'In this book Richard Broome has managed an enviable achievement. The vast sweeping story of Aboriginal Australia from 1788 is told in his typical lucid and imaginative style . This is an important work of great scholarship, passion and imagination.' - Professor Lynette Russell, Centre for Australian Indigenous Studies, Monash University
In the creation of any new society, there are winners and losers. So it was with Australia as it grew from a colonial outpost to an affluent society.
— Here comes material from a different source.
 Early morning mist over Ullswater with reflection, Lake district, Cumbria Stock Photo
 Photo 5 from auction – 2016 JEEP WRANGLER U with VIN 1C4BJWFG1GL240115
Richard Broome tells the history of Australia from the standpoint of the original Australians: those who lost most in the early colonial struggle for power. Surveying over two centuries of Aboriginal-European encounters, he shows how white settlers steadily supplanted the original inhabitants, from the shining coasts to inland deserts, by sheer force of numbers, disease, technology and violence. He also tells the story of Aboriginal survival through resistance and accommodation, and traces the continuing Aboriginal struggle to move from the margins of a settler society to a more central place in modern Australia.
Broome's Aboriginal Australians has long been regarded as the most authoritative account of black-white relations in Australia. This fifth edition continues the story, covering the impact of the Northern Territory Intervention, the mining boom in remote Australia, the Uluru Statement, the resurgence of interest in traditional Aboriginal knowledge and culture, and the new generation of Aboriginal leaders.